Y algo similar a lo que ocurrió con la minería está pasando hoy con el aguacate. Por estos días, varios medios, incluida la revista SEMANA, publicaron información sobre los daños que la siembra masiva de esta fruta causa en un departamento, el Quindío. Así lo hizo el programa Análisis de la emisora de la Universidad Nacional, que le dedicó una emisión a este asunto. En esa región las élites políticas y gremiales decidieron, hace unos años, impulsar la llegada de capitales extranjeros y nacionales a la siembra intensiva del aguacate. Hasta allí todo parece de perlas. Mas resulta que las cosas son menos dulces, más amargas. Se acumulan cada vez más evidencias de que el uso de potentes químicos para el monocultivo del aguacate contamina las fuentes de agua de varios acueductos de ese departamento.

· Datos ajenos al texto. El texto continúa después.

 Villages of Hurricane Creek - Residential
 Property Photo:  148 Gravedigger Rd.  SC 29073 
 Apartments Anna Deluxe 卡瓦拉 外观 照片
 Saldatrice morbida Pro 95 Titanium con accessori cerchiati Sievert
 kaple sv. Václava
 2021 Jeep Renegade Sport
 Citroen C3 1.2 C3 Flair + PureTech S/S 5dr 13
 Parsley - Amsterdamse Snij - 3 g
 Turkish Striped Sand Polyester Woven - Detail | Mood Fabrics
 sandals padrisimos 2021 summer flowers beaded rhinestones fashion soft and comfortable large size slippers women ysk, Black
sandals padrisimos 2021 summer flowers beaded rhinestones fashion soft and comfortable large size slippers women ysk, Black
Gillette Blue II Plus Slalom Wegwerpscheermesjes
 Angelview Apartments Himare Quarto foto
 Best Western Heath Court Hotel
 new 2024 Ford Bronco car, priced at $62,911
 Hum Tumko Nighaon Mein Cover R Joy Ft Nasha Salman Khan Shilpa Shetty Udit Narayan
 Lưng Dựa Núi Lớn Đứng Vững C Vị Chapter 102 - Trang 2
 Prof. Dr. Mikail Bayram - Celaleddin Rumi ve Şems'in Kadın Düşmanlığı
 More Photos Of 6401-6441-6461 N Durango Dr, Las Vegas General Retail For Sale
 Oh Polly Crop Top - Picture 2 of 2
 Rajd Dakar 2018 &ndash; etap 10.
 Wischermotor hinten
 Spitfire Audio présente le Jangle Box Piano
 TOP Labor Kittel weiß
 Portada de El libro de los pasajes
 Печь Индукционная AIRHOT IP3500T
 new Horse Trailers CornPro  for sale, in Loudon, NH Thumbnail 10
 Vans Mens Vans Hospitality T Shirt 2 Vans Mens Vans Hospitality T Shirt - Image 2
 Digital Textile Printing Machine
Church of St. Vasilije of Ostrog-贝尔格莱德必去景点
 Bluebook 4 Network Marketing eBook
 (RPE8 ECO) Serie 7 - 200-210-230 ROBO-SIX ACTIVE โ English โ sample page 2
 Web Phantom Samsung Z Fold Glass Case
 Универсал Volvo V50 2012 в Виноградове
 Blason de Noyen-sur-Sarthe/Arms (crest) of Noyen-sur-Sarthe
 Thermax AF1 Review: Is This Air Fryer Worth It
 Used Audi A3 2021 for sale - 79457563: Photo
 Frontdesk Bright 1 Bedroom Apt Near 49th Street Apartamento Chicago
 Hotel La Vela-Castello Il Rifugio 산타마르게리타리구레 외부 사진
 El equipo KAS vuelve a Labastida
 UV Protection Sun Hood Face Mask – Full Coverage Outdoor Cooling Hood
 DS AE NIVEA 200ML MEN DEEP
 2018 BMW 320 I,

Tiene lugar, en una región que se enorgulleció de ser tierra de pequeños y medianos propietarios –una de las pocas clases medias rurales de Colombia– una creciente concentración de la tierra en las montañas, muchas de ellas vecinas de frágiles páramos, mientras las zonas de trabajo y las oportunidades para los campesinos se reducen, porque la tierra se encarece o porque el monocultivo no necesita de la mano de obra que se requería en las fincas. Así también, se altera un paisaje que fue declarado por la Unesco patrimonio de la humanidad, y son innumerables los reportes de disminución de las abejas –por los pesticidas– en las fincas colindantes con las aguacateras. En fin, podemos estar en las vísperas de un problema ambiental y social inmenso.

Y ante esto, políticos, élites gremiales y pretendidos expertos y técnicos se hacen los de la vista gorda y presentan el rechazo al monocultivo aguacatero como un ecologismo ingenuo. Cómo se parecen esas élites regionales y sus aliados en Bogotá a quienes niegan que los combustibles fósiles causan calentamiento global o a los potentados del salmón en Chile que siguen negando el efecto depredador de su cultivo sobre el mar o a los burócratas y negociantes de la minería que decían que esta en nada afectaría al páramo de Santurbán.

Que la corrección de tan equivocado rumbo no le llegue tarde a ese paraíso natural que es el Quindío.